> Task objective
Begin at the line bearing "Youth build Popsicle". Transcribe it and all subsequent lines of the material below exactly, and nothing more.
□ □ □ □ □ □ □
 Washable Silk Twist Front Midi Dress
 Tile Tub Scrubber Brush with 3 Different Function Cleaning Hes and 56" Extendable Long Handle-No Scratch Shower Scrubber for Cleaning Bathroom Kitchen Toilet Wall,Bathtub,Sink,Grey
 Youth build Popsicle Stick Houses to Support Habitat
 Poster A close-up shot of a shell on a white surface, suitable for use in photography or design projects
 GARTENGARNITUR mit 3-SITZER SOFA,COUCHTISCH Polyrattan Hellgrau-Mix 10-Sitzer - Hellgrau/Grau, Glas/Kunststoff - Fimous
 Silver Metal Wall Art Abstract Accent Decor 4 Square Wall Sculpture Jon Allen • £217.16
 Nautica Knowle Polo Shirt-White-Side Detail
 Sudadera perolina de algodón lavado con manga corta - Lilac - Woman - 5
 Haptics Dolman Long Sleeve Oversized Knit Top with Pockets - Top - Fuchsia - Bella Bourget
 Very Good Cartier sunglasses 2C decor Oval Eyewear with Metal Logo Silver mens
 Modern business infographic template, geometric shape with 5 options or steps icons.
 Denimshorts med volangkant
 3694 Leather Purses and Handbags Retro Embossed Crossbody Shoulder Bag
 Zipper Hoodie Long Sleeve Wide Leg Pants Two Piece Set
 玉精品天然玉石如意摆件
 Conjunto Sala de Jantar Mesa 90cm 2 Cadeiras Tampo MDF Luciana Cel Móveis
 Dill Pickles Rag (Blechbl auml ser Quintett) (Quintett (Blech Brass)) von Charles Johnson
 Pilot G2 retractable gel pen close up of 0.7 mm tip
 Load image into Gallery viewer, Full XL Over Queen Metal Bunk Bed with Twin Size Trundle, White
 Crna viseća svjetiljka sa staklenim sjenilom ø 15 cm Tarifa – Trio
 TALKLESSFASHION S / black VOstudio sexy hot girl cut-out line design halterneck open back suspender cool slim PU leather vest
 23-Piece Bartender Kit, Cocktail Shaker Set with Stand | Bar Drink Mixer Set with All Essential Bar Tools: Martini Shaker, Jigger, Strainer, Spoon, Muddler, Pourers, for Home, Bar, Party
□ □ □ □ □ □ □
> Your solution
 Youth build Popsicle Stick Houses to Support Habitat
 Poster A close-up shot of a shell on a white surface, suitable for use in photography or design projects
 GARTENGARNITUR mit 3-SITZER SOFA,COUCHTISCH Polyrattan Hellgrau-Mix 10-Sitzer - Hellgrau/Grau, Glas/Kunststoff - Fimous
 Silver Metal Wall Art Abstract Accent Decor 4 Square Wall Sculpture Jon Allen • £217.16
 Nautica Knowle Polo Shirt-White-Side Detail
 Sudadera perolina de algodón lavado con manga corta - Lilac - Woman - 5
 Haptics Dolman Long Sleeve Oversized Knit Top with Pockets - Top - Fuchsia - Bella Bourget
 Very Good Cartier sunglasses 2C decor Oval Eyewear with Metal Logo Silver mens
 Modern business infographic template, geometric shape with 5 options or steps icons.
 Denimshorts med volangkant
 3694 Leather Purses and Handbags Retro Embossed Crossbody Shoulder Bag
 Zipper Hoodie Long Sleeve Wide Leg Pants Two Piece Set
 玉精品天然玉石如意摆件
 Conjunto Sala de Jantar Mesa 90cm 2 Cadeiras Tampo MDF Luciana Cel Móveis
 Dill Pickles Rag (Blechbl auml ser Quintett) (Quintett (Blech Brass)) von Charles Johnson
 Pilot G2 retractable gel pen close up of 0.7 mm tip
 Load image into Gallery viewer, Full XL Over Queen Metal Bunk Bed with Twin Size Trundle, White
 Crna viseća svjetiljka sa staklenim sjenilom ø 15 cm Tarifa – Trio
 TALKLESSFASHION S / black VOstudio sexy hot girl cut-out line design halterneck open back suspender cool slim PU leather vest
 23-Piece Bartender Kit, Cocktail Shaker Set with Stand | Bar Drink Mixer Set with All Essential Bar Tools: Martini Shaker, Jigger, Strainer, Spoon, Muddler, Pourers, for Home, Bar, Party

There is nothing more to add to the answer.